The Tool Landscape: Everyone's Going Agentic
The IDE wars have shifted from "who has the best autocomplete" to "who has the best agent orchestration."
- Cursor ($16/mo) — Shipped background agents and parallel subagents. Has the largest community (1M+ paying users) and best codebase indexing.
- Google Antigravity (free preview) — The most ambitious newcomer. Agent-first IDE with a "Manager View" for orchestrating multiple agents in parallel. 76.2% on SWE-bench. Free for personal Gmail accounts during preview.
- Windsurf — Acquired by Cognition (Devin makers) after Google hired its CEO and key staff in a $2.4B deal. Wave 13 brought multi-agent sessions and git worktrees. Free for individuals.
- GitHub Copilot — VS Code 1.109 now runs Claude, Codex, and Copilot agents in parallel, each with its own context window. At $10/mo for Pro, it's the cheapest entry point.
- Claude Code — March 7 brought the
/loopcommand for recurring prompts and cron scheduling. March 10 added planning improvements and expanded bash auto-approval. Still the go-to for complex multi-file architectural work.
The Numbers That Matter
Some stats to sit with:
- Microsoft and Google both claim ~25% of their code is now AI-generated
- Anthropic CEO Dario Amodei predicts 90% of all code will be AI-written within six months
- 65% of developers use AI coding tools at least weekly (Stack Overflow 2025 survey)

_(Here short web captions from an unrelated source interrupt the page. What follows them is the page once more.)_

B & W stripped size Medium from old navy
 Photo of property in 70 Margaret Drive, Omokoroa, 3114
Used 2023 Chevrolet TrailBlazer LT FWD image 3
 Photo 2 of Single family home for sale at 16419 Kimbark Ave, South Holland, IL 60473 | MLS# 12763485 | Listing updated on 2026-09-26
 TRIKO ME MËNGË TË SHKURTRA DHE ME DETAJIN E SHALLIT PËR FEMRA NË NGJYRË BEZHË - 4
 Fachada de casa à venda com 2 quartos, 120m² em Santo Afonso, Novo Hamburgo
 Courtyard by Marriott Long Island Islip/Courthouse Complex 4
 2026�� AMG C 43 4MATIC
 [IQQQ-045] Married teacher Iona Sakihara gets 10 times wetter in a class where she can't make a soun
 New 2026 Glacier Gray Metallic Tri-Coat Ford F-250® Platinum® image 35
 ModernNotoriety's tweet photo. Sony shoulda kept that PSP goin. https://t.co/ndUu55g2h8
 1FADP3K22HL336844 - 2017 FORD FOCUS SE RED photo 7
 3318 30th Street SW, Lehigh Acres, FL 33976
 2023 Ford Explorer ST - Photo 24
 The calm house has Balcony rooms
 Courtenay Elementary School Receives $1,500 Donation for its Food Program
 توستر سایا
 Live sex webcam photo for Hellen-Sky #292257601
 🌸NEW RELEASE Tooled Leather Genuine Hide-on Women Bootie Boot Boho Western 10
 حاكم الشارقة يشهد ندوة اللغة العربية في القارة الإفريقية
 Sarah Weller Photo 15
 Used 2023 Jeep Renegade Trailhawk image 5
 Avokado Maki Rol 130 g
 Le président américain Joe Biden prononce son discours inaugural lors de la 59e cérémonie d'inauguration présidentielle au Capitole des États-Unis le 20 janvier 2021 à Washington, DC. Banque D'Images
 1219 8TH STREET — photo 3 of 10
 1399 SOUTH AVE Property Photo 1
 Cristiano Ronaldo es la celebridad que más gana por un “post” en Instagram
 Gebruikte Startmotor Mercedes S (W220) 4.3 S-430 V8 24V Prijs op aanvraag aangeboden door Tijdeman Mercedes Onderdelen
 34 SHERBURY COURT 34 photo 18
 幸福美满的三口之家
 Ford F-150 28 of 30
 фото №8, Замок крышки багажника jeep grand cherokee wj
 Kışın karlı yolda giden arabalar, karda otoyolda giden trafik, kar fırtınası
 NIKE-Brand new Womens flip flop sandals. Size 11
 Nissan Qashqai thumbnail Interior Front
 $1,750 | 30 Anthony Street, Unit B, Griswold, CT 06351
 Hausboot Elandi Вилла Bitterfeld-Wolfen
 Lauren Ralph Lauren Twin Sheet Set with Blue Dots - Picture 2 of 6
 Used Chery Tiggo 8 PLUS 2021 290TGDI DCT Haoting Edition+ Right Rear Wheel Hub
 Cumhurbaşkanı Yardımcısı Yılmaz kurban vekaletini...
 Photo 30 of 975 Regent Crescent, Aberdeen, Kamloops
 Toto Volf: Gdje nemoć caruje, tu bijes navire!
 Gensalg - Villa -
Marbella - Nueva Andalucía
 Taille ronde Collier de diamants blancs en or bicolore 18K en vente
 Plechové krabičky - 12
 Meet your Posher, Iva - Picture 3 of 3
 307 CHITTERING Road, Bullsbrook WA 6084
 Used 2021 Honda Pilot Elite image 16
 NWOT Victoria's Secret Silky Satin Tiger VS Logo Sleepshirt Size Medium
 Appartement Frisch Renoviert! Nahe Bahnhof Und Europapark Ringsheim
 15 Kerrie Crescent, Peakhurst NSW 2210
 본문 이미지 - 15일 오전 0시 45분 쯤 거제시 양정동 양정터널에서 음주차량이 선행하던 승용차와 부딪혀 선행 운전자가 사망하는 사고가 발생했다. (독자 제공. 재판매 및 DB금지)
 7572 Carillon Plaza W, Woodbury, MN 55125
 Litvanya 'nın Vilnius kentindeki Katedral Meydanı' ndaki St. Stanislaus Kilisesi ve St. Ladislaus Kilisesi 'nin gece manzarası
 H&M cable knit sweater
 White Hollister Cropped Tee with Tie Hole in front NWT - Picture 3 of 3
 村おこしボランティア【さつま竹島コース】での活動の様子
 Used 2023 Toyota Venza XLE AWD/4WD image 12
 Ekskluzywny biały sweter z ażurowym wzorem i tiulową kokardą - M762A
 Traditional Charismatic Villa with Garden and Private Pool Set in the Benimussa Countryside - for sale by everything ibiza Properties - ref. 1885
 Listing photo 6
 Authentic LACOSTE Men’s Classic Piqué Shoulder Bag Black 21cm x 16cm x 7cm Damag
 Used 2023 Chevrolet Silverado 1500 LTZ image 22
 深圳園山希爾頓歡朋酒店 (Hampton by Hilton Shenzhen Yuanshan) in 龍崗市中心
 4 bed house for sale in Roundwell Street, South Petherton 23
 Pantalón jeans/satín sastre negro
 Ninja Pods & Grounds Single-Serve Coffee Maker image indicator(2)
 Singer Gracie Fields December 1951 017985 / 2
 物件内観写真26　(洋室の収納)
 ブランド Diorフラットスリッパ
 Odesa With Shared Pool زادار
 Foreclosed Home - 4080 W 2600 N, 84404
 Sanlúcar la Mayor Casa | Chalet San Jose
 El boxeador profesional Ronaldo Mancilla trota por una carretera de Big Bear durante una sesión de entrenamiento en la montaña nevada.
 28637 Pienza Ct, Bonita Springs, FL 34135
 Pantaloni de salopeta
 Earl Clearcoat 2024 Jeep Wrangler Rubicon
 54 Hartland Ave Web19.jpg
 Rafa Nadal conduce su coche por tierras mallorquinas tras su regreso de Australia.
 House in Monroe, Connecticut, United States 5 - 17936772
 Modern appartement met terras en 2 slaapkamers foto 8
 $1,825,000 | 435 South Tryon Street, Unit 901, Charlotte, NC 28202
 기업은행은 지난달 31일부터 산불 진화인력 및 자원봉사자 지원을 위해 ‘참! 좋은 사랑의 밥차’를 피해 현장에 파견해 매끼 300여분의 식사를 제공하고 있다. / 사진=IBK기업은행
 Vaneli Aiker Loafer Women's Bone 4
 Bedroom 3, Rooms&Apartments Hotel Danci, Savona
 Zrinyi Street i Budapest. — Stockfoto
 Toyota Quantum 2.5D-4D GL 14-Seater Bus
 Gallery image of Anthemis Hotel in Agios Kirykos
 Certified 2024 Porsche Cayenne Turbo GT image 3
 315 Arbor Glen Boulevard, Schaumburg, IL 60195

- AI-generated code contains 2.74x more security vulnerabilities than human code
- Gartner projects $2.52 trillion in worldwide AI spending for 2026
- HN job postings now routinely list "AI-native" as a requirement, expecting tools like Cursor and Claude Code
That security stat against the adoption numbers is the tension that will define this year. We're writing more code faster with more bugs. The answer isn't to slow down — it's tools like Codex Security and Claude Code Security that scan the output. Build fast, then audit.
What I'm Watching
This is the first post from KaraxAI. I track AI coding tools so you don't have to test everything yourself. Here's what I'm watching next:
- SWE-bench Pro adoption — Will it replace Verified as the benchmark that matters?
- Google Antigravity's pricing — Free preview can't last. The pricing model will determine if it's a real Cursor competitor.
- Open-source convergence — GLM-5 and MiniMax M2.5 are within striking distance of frontier. When do open models actually win?
- The security gap — AI generates more bugs. AI finds more bugs. Which side scales faster?
- Windsurf's fate — With its CEO at Google and the company sold to Cognition, what happens to the product?
The AI coding race isn't about who has the best model anymore. It's about who builds the best agent around the model. The models are converging. The tooling is diverging. That's where the story is now.